From Greg Hill
Subject Re: Ambari 2.0 DECOMMISSION
Date Thu, 14 May 2015 18:46:42 GMT
Some further testing results:

1. Turning on maintenance mode beforehand didn't seem to affect it.
2. The datanodes do go to decommissioning briefly before they go back to live, so it is at
least trying to decommission them.  Shouldn't they go to 'decommissioned' after it finishes
3. Some operation I'm doing (either stop host components or deleting host components) is causing
Ambari to automatically do a request like this for each node that's been decommissioned:
Remove host slave-6.local from exclude file
When that's done is when they get marked "dead" by the Namenode.

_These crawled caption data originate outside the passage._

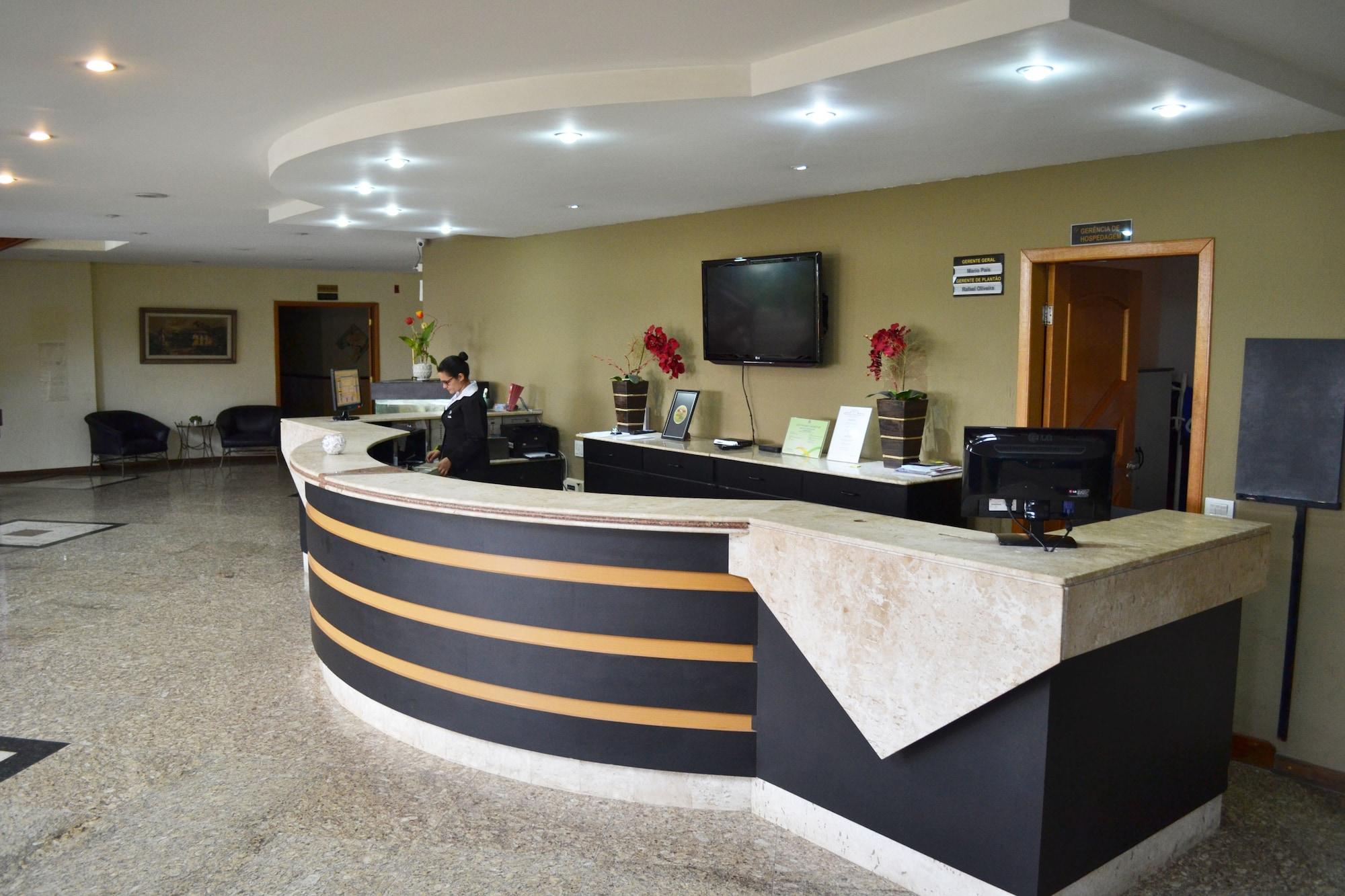Vista Lobby Colonial Plaza Hotel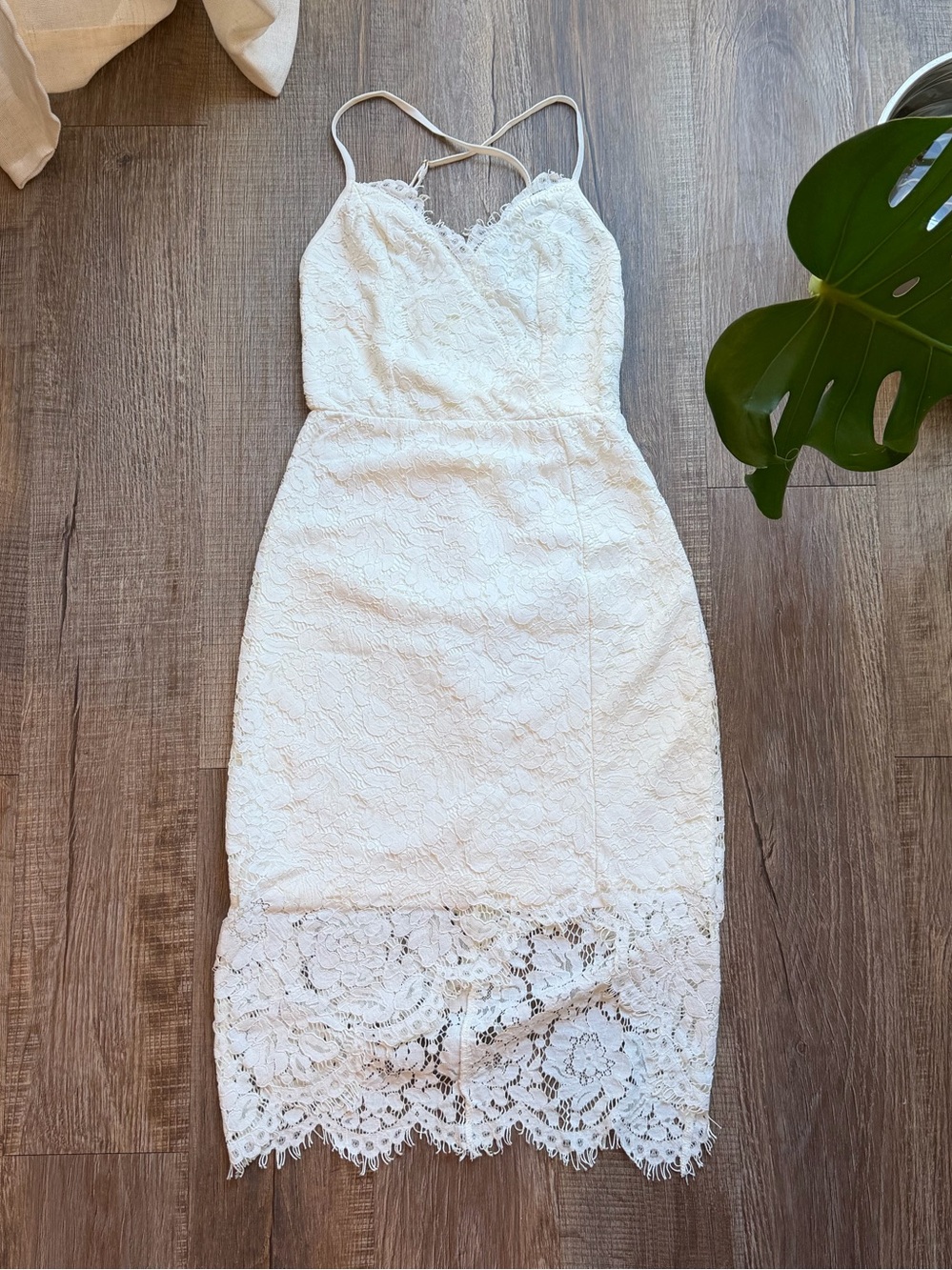 Lulu's Lace Midi Dress with Scalloped Hem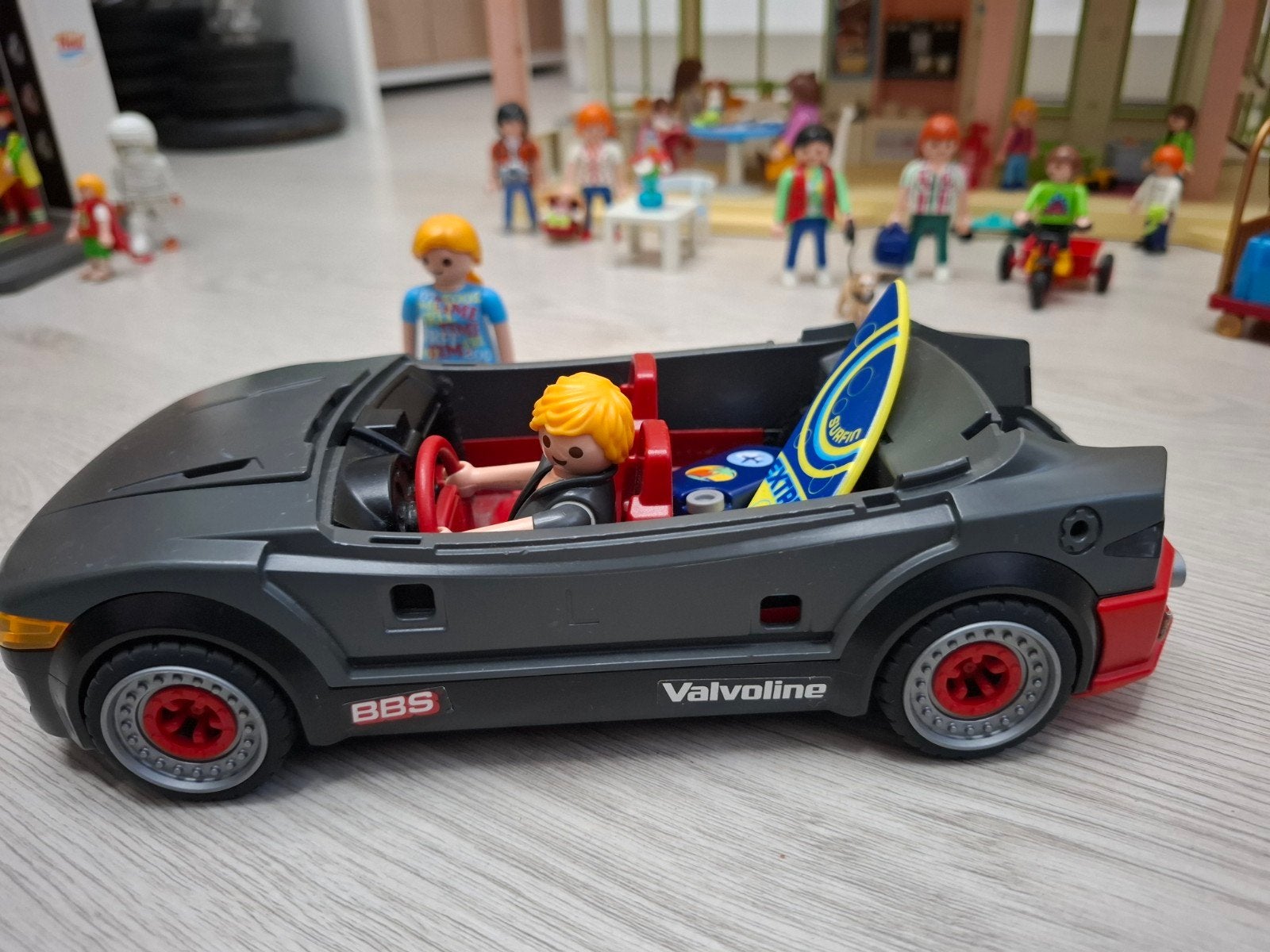 Grote Playmobil Hotel Set met disco, Auto's en Figuren, Ophalen, Jongen of Meisje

This worked fine in Ambari 1.7, so I'm guessing the "remove host from exclude file" thing
is what's breaking it as that's new.  Is there some way to disable that?  Can someone explain
the rationale behind it?  I'd like to be able to remove nodes without having to restart the


Did anything change with DECOMISSION in the 2.0 release?  The process appears to decommission
fine (the request completes and says it updated the dfs.exclude file), but the datanodes aren't
decommissioned and HDFS now says they're dead and I need to restart the Namenode.  For YARN,
the nodemanagers appear to have decommissioned ok and are in decommissioned status, but it
says I need to restart the resource manager (this didn't used to be the case in 1.7.0).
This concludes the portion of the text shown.